**Problem statement**
Return the records below exactly; pictures stay out.
++++ Data in this exercise ++++
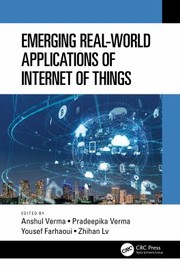 Emerging Real-World Applications of Internet of Things cover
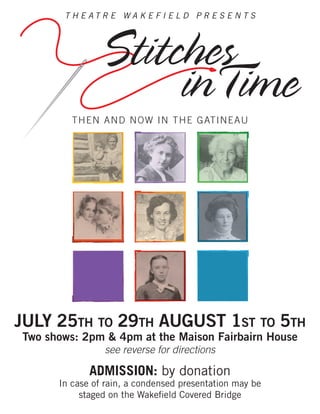T H E A T R E W A K E F I E L D P R E S E N T S
Stitches
inTime
THEN AND NOW IN THE GATINEAU
JULY 25TH TO 29TH AUGUST 1ST TO 5TH
Two shows: 2pm & 4pm at the Maison Fairbairn House
see reverse for directions
ADMISSION: by donation
In case of rain, a condensed presentation may be
staged on the Wakeﬁeld Covered Bridge
 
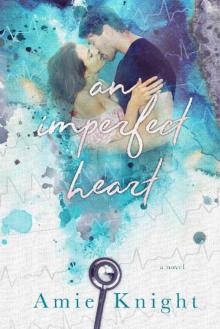 An Imperfect Heart Read online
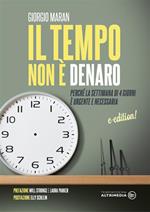 Il tempo non è denaro. Perché la settimana di 4 giorni è urgente e necessaria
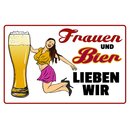 Schild Spruch "Frauen Bier lieben wir" 20 x 30 cm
++++
**Task output**
 Emerging Real-World Applications of Internet of Things cover
T H E A T R E W A K E F I E L D P R E S E N T S
Stitches
inTime
THEN AND NOW IN THE GATINEAU
JULY 25TH TO 29TH AUGUST 1ST TO 5TH
Two shows: 2pm & 4pm at the Maison Fairbairn House
see reverse for directions
ADMISSION: by donation
In case of rain, a condensed presentation may be
staged on the Wakeﬁeld Covered Bridge
 
 An Imperfect Heart Read online
 Il tempo non è denaro. Perché la settimana di 4 giorni è urgente e necessaria
 Schild Spruch "Frauen Bier lieben wir" 20 x 30 cm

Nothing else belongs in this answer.